L’autoironia è sempre una carta vincente. Nella vita, nella pubblicità – vedi Bruce Willis che canta Tozzi nello spot di una nota compagnia telefonica -, sul grande schermo.

Capita così che un film che scegli di guardare semplicemente perché in sala, a Luglio, non c’è poi questa gran scelta, si riveli un gustoso passatempo.

È il caso di Spy, la commedia in salsa spionistica di Paul Feig che fa dividere il set alla strana coppia Jason Statham (vera rivelazione comica della pellicola) e Jude Law (sempre affascinante, persino con il toupet) negli abiti tirati a lucido di due agenti della CIA.

Statham alias Rick Ford con insospettabile ironia gioca a fare il duro mentre Law (il suo collega Bradley Fine), con inconfondibile appeal british si prende mostruosamente sul serio, neanche fosse il figlio segreto di James Bond.

Ad aggiungere pepe al ménage à deux arriva però l’analista della CIA Susan Cooper (Melissa McCarthy, alla terza collaborazione con Feig), da sempre relegata dietro una scrivania (un po’ come la Penelope di Criminal Minds: fisico imponente e inarrivabile acume). Una giovane donna abituata a non essere considerata nel privato e nel lavoro (Rinuncia ai tuoi sogni: questo mi scriveva mamma nei cestini del pranzo), ma pronta a diventare operativa quando il suo adorato Fine capitola in servizio e l’agenzia deve mandare in missione un “insospettabile”.

Insomma, bisogna risolvere un “affare interno” molto spinoso e Ford è troppo noto  nell’ambiente spionistico. Susan, invece, è perfetta e grazie alla sua nuova identità di copertura (Penny Morgan, casalinga divorziata) e con il supporto del rude collega, può passare finalmente all’attacco.

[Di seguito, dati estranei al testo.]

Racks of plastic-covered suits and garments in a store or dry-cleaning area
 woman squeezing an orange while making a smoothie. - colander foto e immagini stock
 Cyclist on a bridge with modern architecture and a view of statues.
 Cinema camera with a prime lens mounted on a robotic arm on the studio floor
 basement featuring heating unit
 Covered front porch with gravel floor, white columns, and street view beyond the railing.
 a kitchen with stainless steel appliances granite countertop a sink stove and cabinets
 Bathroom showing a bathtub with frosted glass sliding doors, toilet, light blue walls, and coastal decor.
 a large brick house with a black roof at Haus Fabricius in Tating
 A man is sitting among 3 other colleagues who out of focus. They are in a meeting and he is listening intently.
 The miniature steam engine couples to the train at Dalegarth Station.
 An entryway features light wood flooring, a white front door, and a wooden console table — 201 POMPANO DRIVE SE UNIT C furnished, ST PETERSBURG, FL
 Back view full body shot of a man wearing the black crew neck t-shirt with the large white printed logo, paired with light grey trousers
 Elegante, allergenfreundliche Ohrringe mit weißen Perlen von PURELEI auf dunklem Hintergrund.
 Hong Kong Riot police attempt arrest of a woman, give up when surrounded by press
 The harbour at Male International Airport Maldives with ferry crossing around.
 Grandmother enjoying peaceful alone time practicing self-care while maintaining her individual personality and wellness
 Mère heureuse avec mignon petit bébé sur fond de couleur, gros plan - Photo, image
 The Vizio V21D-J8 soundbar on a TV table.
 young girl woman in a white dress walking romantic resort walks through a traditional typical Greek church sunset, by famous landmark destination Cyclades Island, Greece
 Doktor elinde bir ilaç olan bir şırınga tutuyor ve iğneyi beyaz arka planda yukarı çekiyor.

Niente di nuovo sotto il sole, a fare il verso agli spy movie ci hanno già provato Steve Carell in Agente Smart – Casino totale, Sandra Bullock in Miss Detective e lo stesso Feig con Corpi da reato (dove McCarthy interpretava una sboccata poliziotta di Boston in coppia con Bullock, irreprensibile agente FBI). Ma nel caso di Spy a fare la differenza è la clamorosa alchimia  tra i tre protagonisti: due agenti segreti tra loro diversissimi (Statham e Law) e l’analista in lotta con la bilancia (Susan) che riesce a sventare – una gag via l’altra – un complotto mondiale.

E nonostante la prevedibilità dei colpi di scena e il ripetuto ricorso alla volgarità nei dialoghi (cifra registica di Feig dai tempi de Le amiche della sposa), il film scorre con ritmo tra sequenze d’azione ben coreografate e salaci scambi di battute tra McCarthy-Statham, nuova gustosa coppia di fatto della commedia.